In 2012, C.M. Callow Inc. (Callow) entered a two-year winter maintenance agreement and a one-year summer maintenance agreement with a group of condominium corporations (Baycrest). The winter agreement allowed Baycrest to terminate for any reason on 10 days’ notice.
By early 2013, Baycrest had decided to terminate the winter agreement early, but it did not tell Callow immediately. Despite Baycrest’s decision, throughout 2013, Callow and one of Baycrest’s board members discussed renewing the winter agreement after the initial two-year term. That summer, Baycrest also silently accepted gratuitous extra services that Callow performed under the summer agreement, which were intended to incentivize it to renew the winter agreement. Because of this conduct, Callow believed that a renewal of the winter agreement was likely and that the current agreement would not be terminated early – a mistake Baycrest was aware of and did not correct. Given that Callow believed the contract was in good standing for its second year, it did not bid on other winter contracts for the upcoming year.
Baycrest terminated the winter agreement in September 2013 by giving the required 10 days notice and Callow sued for breach of contract. The SCC held that Baycrest breached its duty of honest contractual performance and awarded Callow damages. The SCC reasoned that if Baycrest had been honest, Callow would have had a chance to bid on a replacement contract for the upcoming winter season, which would at least have provided equivalent profits to its agreement with Baycrest.
DOES THIS MEAN THAT IF MY BUSINESS HAS DECIDED TO TERMINATE A CONTRACT, WE MUST TELL OUR COUNTERPARTY IMMEDIATELY?
No. The SCC was clear that the duty of honest contractual performance is not a duty of disclosure. While you do not have to immediately disclose that the contract is going to be terminated, your organization should avoid making misrepresentations about the future of your relationship or otherwise misleading your counterparty.
For example, telling your counterparty that the contract will not be terminated, or will likely be extended, is misleading. This conduct may violate the duty of honest performance.
You should also be careful about what conclusions your counterparty may draw from your conduct.

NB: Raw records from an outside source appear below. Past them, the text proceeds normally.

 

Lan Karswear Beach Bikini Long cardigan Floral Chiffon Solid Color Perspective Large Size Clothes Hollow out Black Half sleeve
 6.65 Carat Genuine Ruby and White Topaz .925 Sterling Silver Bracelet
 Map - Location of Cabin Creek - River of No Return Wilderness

For example, if you discuss the terms of a potential renewal of the contract, your counterparty may incorrectly infer that the contract is likely to continue. In those circumstances, you may need to consider whether you have a duty to correct the counterparty’s mistake.

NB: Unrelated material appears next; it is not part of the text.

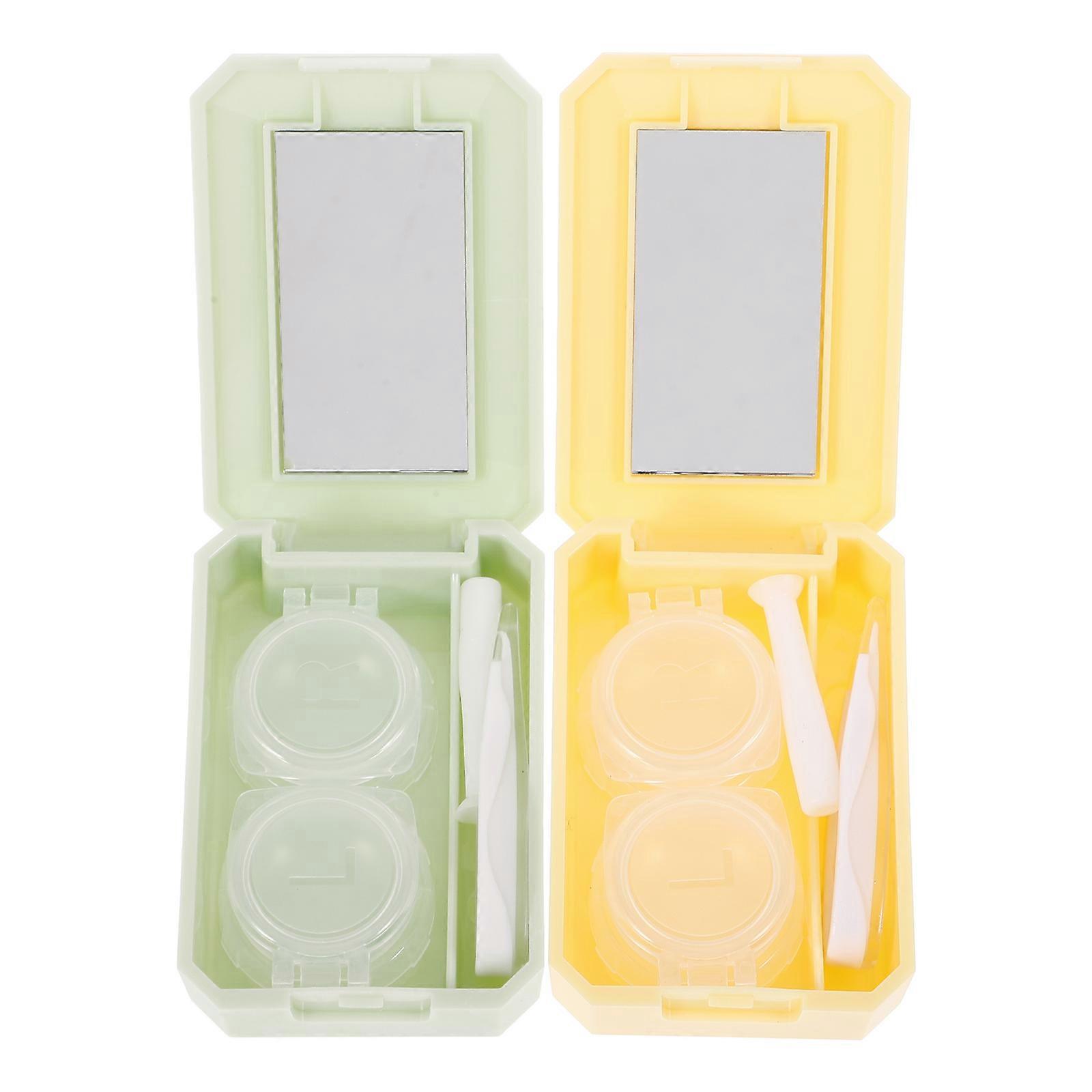 Camera Lens Case Bag Travel Contact-Lens to Open Green 2 Sets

WHAT ARE SOME PRACTICAL TIPS TO AVOID BREACHING THE DUTY OF HONEST PERFORMANCE?
Although Callow underscored the fact-specific nature of a breach of the duty of honest performance, some best practices to consider are:
Everyone in your organization should be on the same page about matters relevant to the contract. It is important that communications with contractual counterparties be coordinated. If your business has decided to terminate a contract with a counterparty, but someone within your organization tells the counterparty that the contract is likely to continue, that may risk a breach of the duty of honest performance. In Callow, for example, a majority of the SCC decided that Baycrest violated its duty of honest contractual performance after deciding to terminate the contract, because one of its directors told Callow that the contract was likely to be extended.
Carefully consider any communications about the future of the contractual relationship if termination is under consideration. You are not required to disclose to your counterparty that you are considering terminating the contractual relationship, nor are you required to answer their questions on the topic. However, if your business is considering terminating a contract, consider whether it is preferable to avoid any discussion about the future of the relationship until a decision is made.

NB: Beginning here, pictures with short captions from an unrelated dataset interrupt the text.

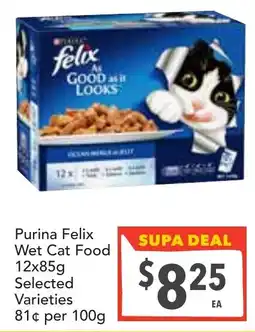 Supa Valu Purina felix wet cat food selected varieties offer
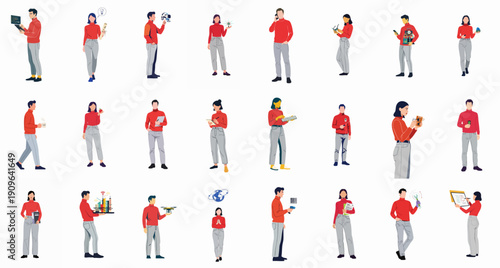 Modern professionals and innovators using diverse technology, coding, engineering, and business tools in a large flat design vector collection.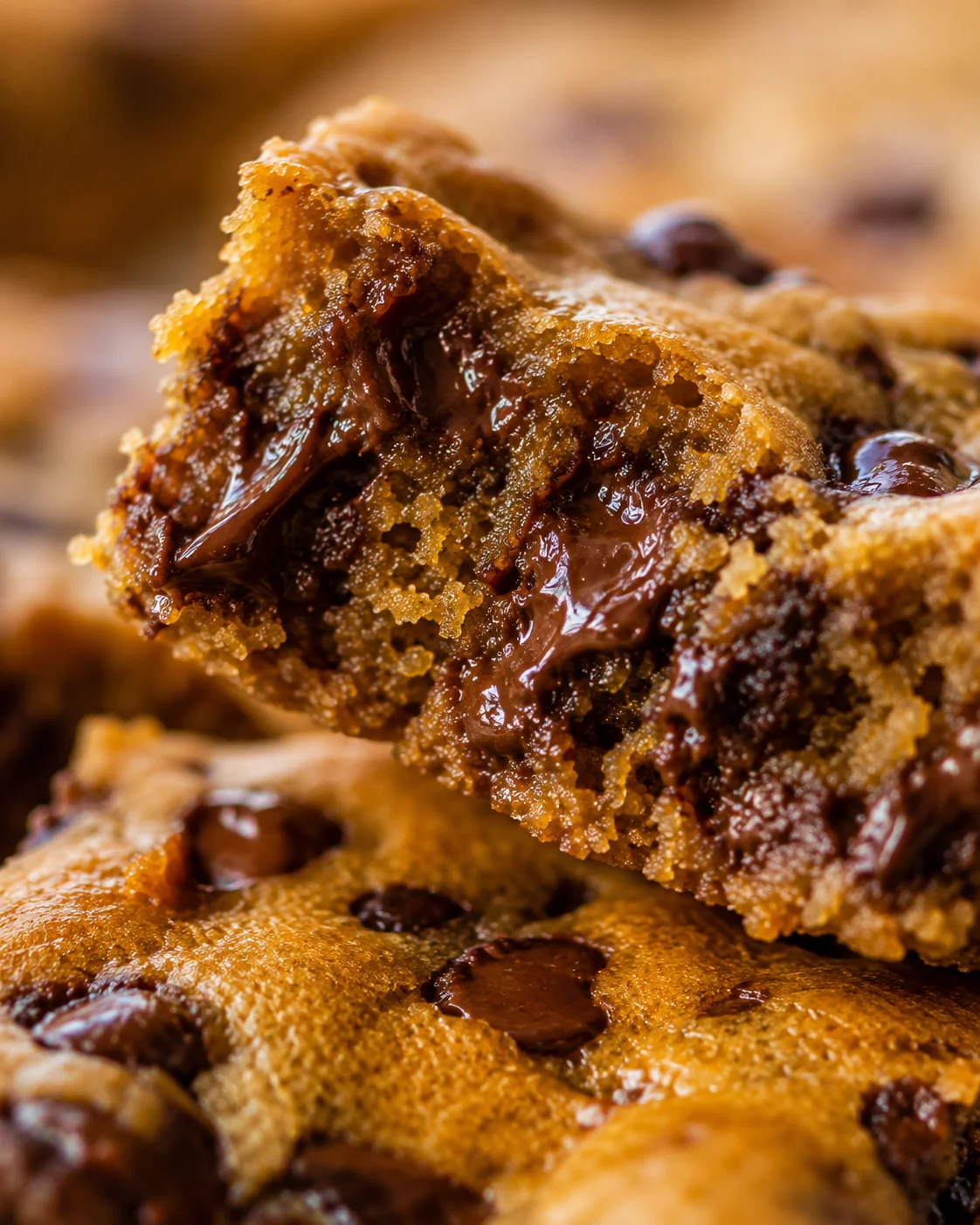 Close-up of gooey pumpkin chocolate chip bar with melted chocolate.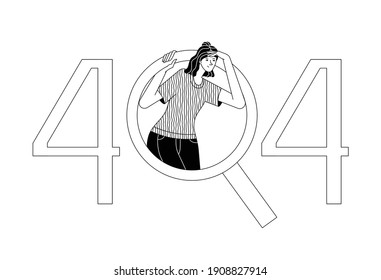 Young woman in HTTP 404 sign. Cartoon girl looking through magnifier in middle of number 404. File Not Found or Server Not Found error. Linear black and white onboarding illustration for websites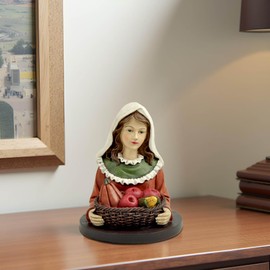 PlentifulHome Thanksgiving Pilgrim Figurine – Fall Harvest Resin Bust with Cornucopia Fruit Basket, 4.13” Pilgrim Tabletop Statue, Autumn & Thanksgiving Table Decorations Indoor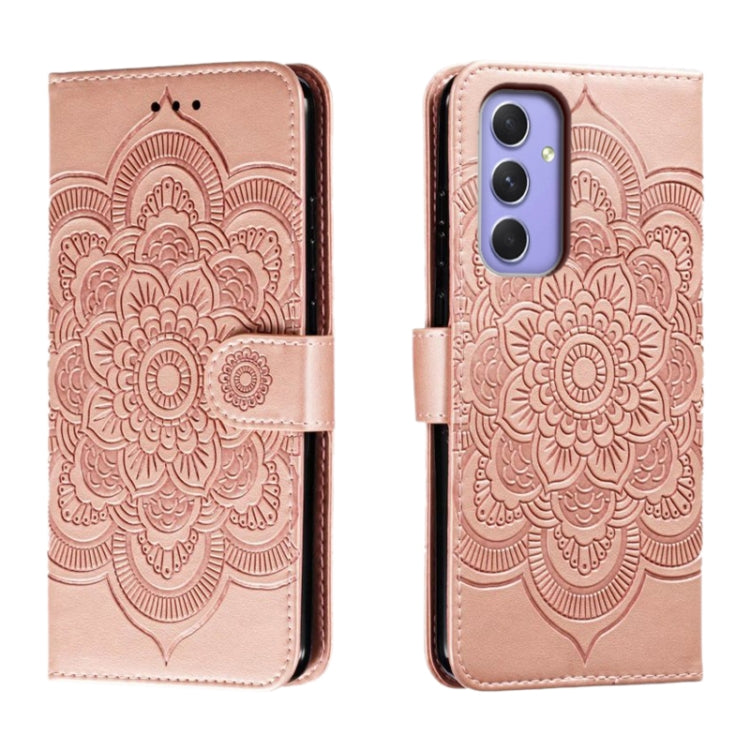 Sun Mandala Embossing Pattern Phone Leather Case, For Samsung Galaxy A55 5G, For Samsung Galaxy A35 5G, For Samsung Galaxy A05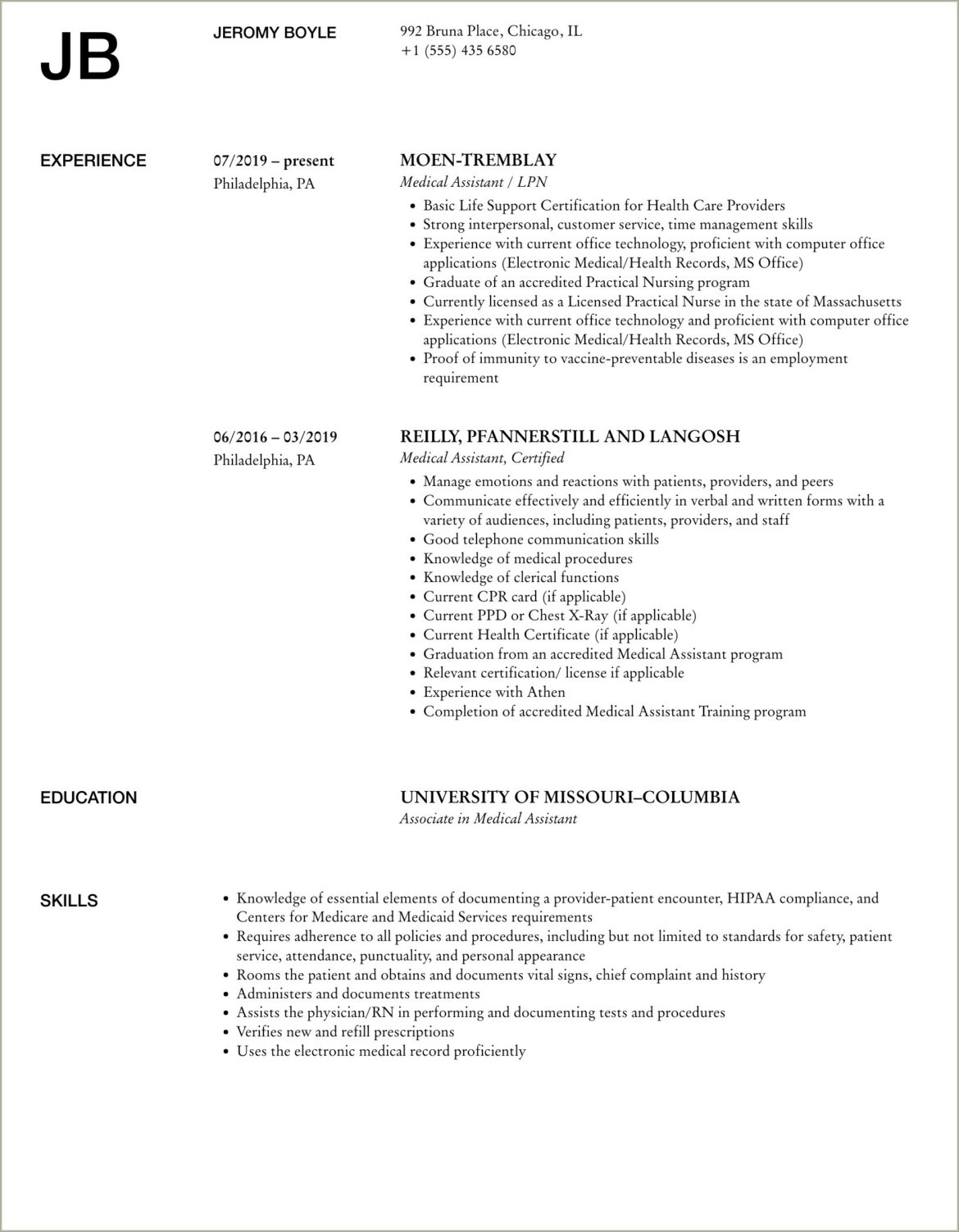 Medical Assistant Resume Sample Patient Pool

If your organization’s words or conduct have misled your counterparty about the contractual relationship, correct the mistake as soon as possible. A prompt correction could also reduce or eliminate any damages that could flow from the breach of the duty of honest performance.
Blakes lawyers Catherine Beagan Flood, Nicole Henderson and Christopher DiMatteo acted for the intervener, Canadian Federation of Independent Business, in this matter.